SetDB1 occupies genes encoding developmental regulators in mES cells. (A) Binding density of regions surrounding the transcriptional start site (±5 kb) of 2232 genes bound by SetDB1. Genes were classified as active if they were enriched for RNA polymerase II, H3K79me2, and H3K36me3, and repressed if they lacked such evidence. (B) Gene Ontology (GO) analysis of genes occupied by SetDB1 that were categorized as active or repressed in mES cells. (C,D) SetDB1, RNA polymerase II, and histone H3K79me2, H3K36me3, H3K4me3, and H3K27me3 modification profiles for an actively transcribed gene (Mycn), an oncogene, and a repressed gene (Irx3), a homeodomain-containing transcription factor that is involved in spatially prepatterning the neural system. (E) Heat map showing colocalization frequency of SetDB1 and PRC subunit Suz12, together with other key ES cell transcriptional regulators.
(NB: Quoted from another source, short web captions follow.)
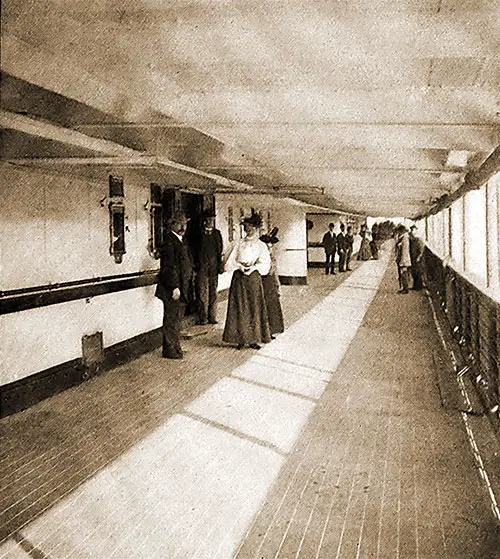 Passengers Gather on the Promenade Deck of the Kaiser Wilhelm der Grosse (1897).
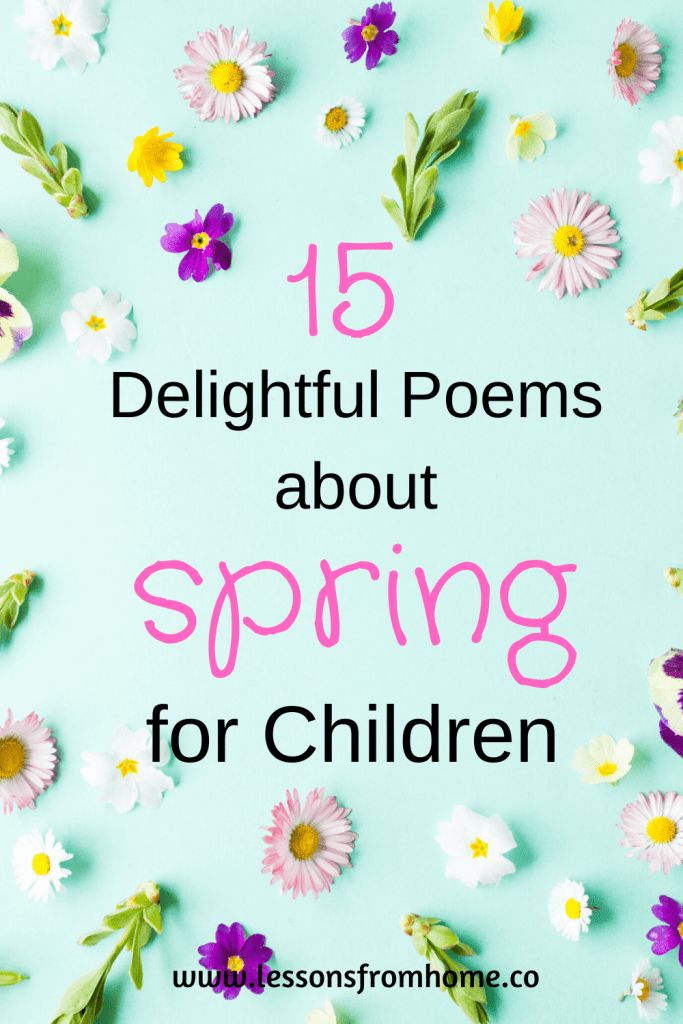 flowers and daisies with the words 15 delightful poem about spring for children on it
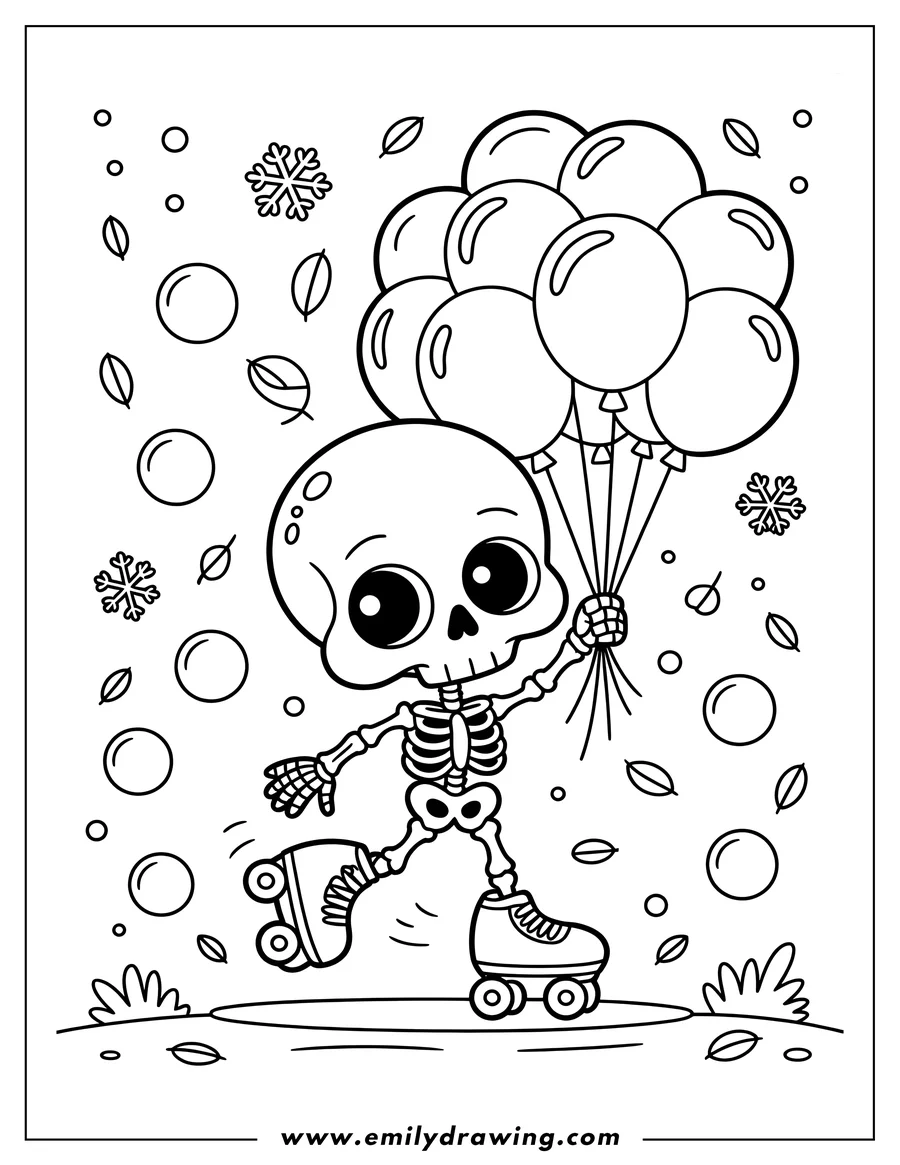 PDF style coloring page: skeleton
Colors in the heat map reflect the colocalization frequency of each pair of regulators (blue means more frequently colocalized). Regulators were clustered along both axes based on the similarity in their colocalization with other regulators. (F) Venn diagram representation of repressed genes occupied by SetDB1 and Suz12.

Figure 3.

Genes encoding developmental regulators are often occupied by SetDB1 and at least three histone modifications. (A) Venn diagram representation of genes occupied by nucleosomes modified with histone H3K4me3, H3K27me3, and H3K9me3. Approximately half of the genes that are occupied by both H3K4me3 and H3K27me3 are also occupied by H3K9me3. (B) Histone modifications in promoter-proximal regions of 2232 genes bound by SetDB1 surrounding the transcriptional start site (±5 kb). A set of developmental regulator genes are enriched for SetDB1 binding and nucleosomes containing H3K9me3, H3K27me3, and H3K4me3. (C–F) SetDB1 and histone H3K4me3, H3K27me3, and H3K9me3 occupancy profiles for Gata2, Isl2, Lhx1, and the Hoxd cluster. (G) Expression profiles showing changes in gene expression in SetDB1 knockdown cells relative to control shRNA cells. Red and green represent Log₂ transformed probe signal levels. Genes occupied by histone H3K9me3, H3K27me3, and H3K4me3 are shown as blue lines. Genes up-regulated upon SetDB1 knockdown were 3.6-fold enriched (P < 10⁻¹⁴) for H3K4me3/H3K27me3/H3K9me3 occupancy (32 out of 164), while down-regulated genes were not enriched (16 out of 256).

Figure 4.

Model for transcriptional regulation by SetDB1. A model of core ES cell regulatory circuitry is shown with a subset of genes occupied by the transcription factors and chromatin regulators depicted in the diagram. The interconnected autoregulatory loop is shown to the left. Active genes are shown at the top right, and inactive genes are shown at the bottom right. Transcription factors are represented by dark-blue circles, and PcG complexes and SetDB1 are indicated by a red circle. Gene promoters are represented by red rectangles, gene products are indicated by orange circles, and miRNA promoters are represented by purple hexagons.